For Grayson Perry, tapestry is the medium to explore his fascination with class, craft and community.
The two artists coincide as part of the fabulously rich tapestry of the Edinburgh festival at Dovecot Studios, a haven of reflection, tucked away from the crowds of the Royal Mile and the brasher festival venues.
Formerly a Victorian swimming pool, the studios are flooded with natural light, ideal for the team of weavers engaged in producing Richer Twilight, a version of one of Crowe’s Venetian paintings. It is expected to be completed in September.

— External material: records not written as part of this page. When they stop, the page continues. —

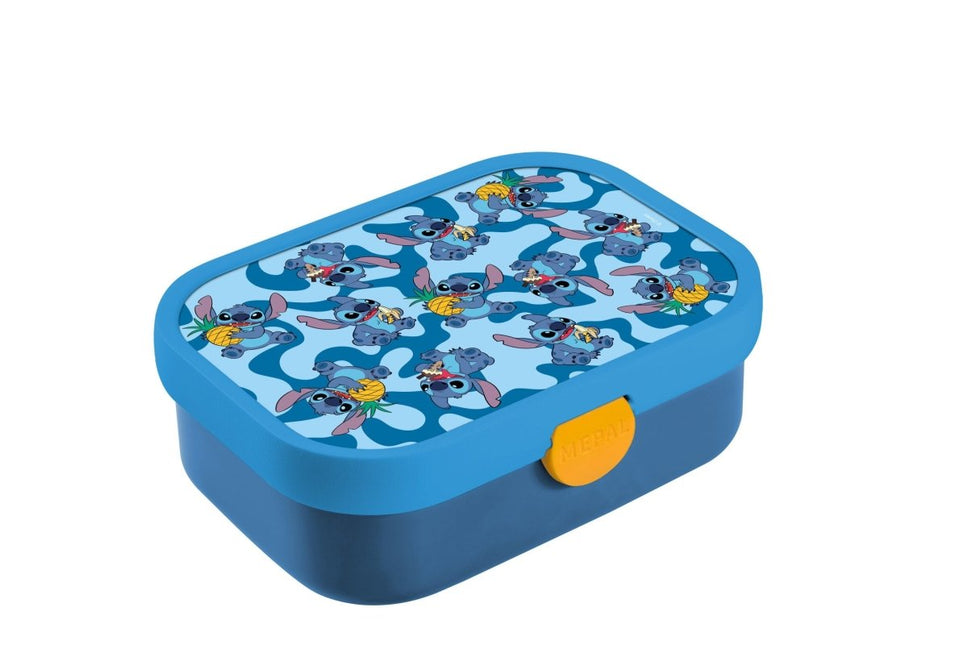 Campus Bento lunchbox met vorkje - Stitch - Babywinkel - 8720294042112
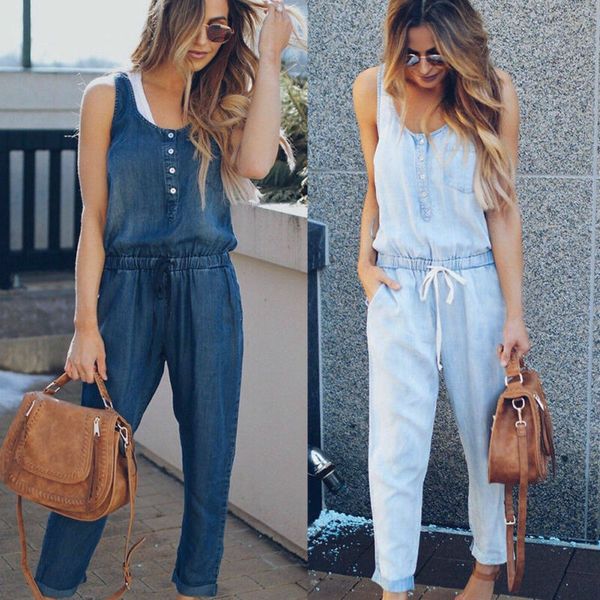 womens jumpsuits rompers arrival casual jumpsuit loose overalls denim for 230224, Black;white
womens jumpsuits rompers arrival casual jumpsuit loose overalls denim for 230224, Black;white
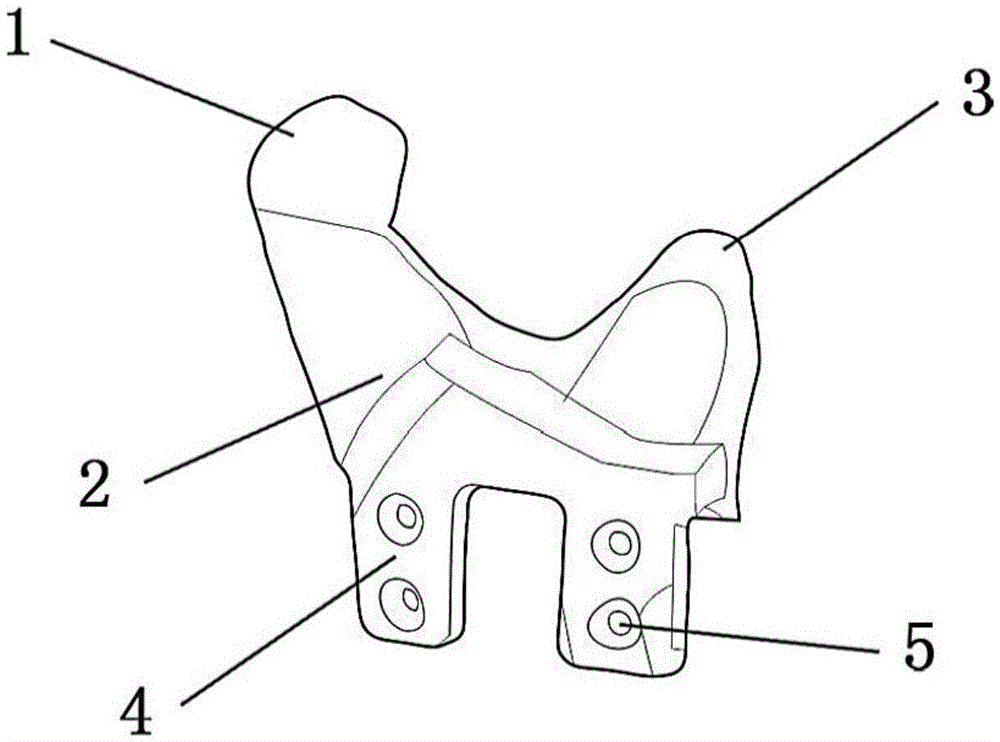 Porous artificial temporal-mandibular joint structure and making method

Richer Twilight is being woven by hand. Perry’s tapestries draw on digital technology and human craftsmanship in the spirit of standing up for “the relevance of craft in the information age,” to quote Perry.
They are not created at Dovecot, but it is nevertheless a fitting setting for Julie Cope’s Grand Tour, Perry’s homage to an Essex Everywoman, which forms part of his most ambitious project yet.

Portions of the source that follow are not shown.